Now consider what happens when Swap Values is used. Although the node resides inside an inplace structure, it would seem logical that you can’t replace an empty array with an array containing thousands of datapoints in place. Well actually you can. The key point to remember is that at a very low level, the clusters don’t actually contain the arrays, rather they hold references that point to the arrays that are associated with them. So what Swap Values does is it leaves the two arrays in place and simply swaps the references that the clusters contain. Thanks to this optimization, populating this cluster with data will take the exact same amount of time whether the input data contains 2 datapoints or 200,000 datapoints because the only thing that is really being moved is a pair of 4-byte memory buffer references.

Getting Data Out

So we have gotten our data into the DVR as efficiently as we can, but if this storage is going to be of any use, there clearly needs to be a way to get data out of it as well. However, here we face the issue of plotting data that is too large. At the same time we are pulling it out, we also need to be reducing or decimating it to more closely match the size of the available graphing area. To meet those dual requirements I created this VI.

Read and Decimate Big Data

At first this code might seem intimidating, but if you take it step-by-step and analyse what it’s doing, it isn’t really so very different from the example we looked for initializing the data in the DVR. Starting at the left side, the code unbundles the data array from the DVR and passing it into a loop that will execute three times – once for each plot in the dataset. The first point of optimization is in how this loop operates. Note the node with the “P” in it. The presence of this node means that the for loop is set for parallel operation. There are many situations where, even though you specify a for loop, there is no logical reason that the iterations have to operate sequentially.
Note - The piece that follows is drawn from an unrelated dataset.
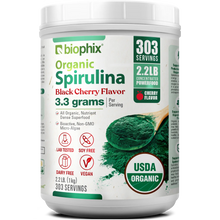 Load image into Gallery viewer, Biophix Organic Spirulina Powder Black Cherry Flavor 2.2 lbs 1 kg - Green Antioxidants Superfood Protein Immune Support biophix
When LabVIEW encounters a “parallelized” loop the optimizer essentially flattens the loop out, creates the necessary parallel code to execute each iteration simultaneously, and then reassemble the output data in the correct order. To find out if a loop is parallelizable, there is an option under Tools>>Profile called Find Parallelizable Loops…. This operation opens a dialog that allows you to identify the loops that can and cannot be run in parallel mode.

Inside the loop, the array drives an inplace structure that indexes out one element, and the resulting cluster feeds a second inplace structure that unbundles the two items in the cluster. The processing of this data occurs in two distinct steps. First the Start and Length inputs produce a subset of the total dataset representing the portion of the data that is to be displayed. Because this operation causes LabVIEW to copy the selected data into a new memory buffer, the code passes the resulting arrays into another inplace structure to ensure that the subset will also be manipulated inplace.

The code inside this inner-most inplace structure performs the second half of the processing – the decimation to reduce the size of the data being plotted. Note that if the selected portion of the dataset is already smaller than the width of plot area, the following code is bypassed. The first step in the decimation process is to reshape the 1D array into a 2D array where each row contains one chunk of data to be statistically summarized. To obtain the final X values, the code takes the first value of each chunk, while the final Y values are the maximum Y for each chunk. Note that this processing occurs in another parallelized loop that auto-indexes the output arrays, which are swapped into the output dataset as they work their way back out through the inplace structures.

Summarizing Options and Challenges

The real heart of this VI is the function that is being used to summarize the Y values for each chunk of data. Right now, I am using the function that returns the minimum and maximum values contained in the array. One of the advantages that it offers is that it is deals well with datasets containing missing datapoints represented by the value NaN. This consideration is important because it is a common (and valuable) practice to represent missing data points using that value. Without the NaN datapoints, any graph will simply connect the dots on either side of the missing datapoints resulting in a graph that visually misrepresents the data being presented. However, with the NaN values, the missing points are shown as breaks in the line (or gaps between bars), thus highlighting the missing data.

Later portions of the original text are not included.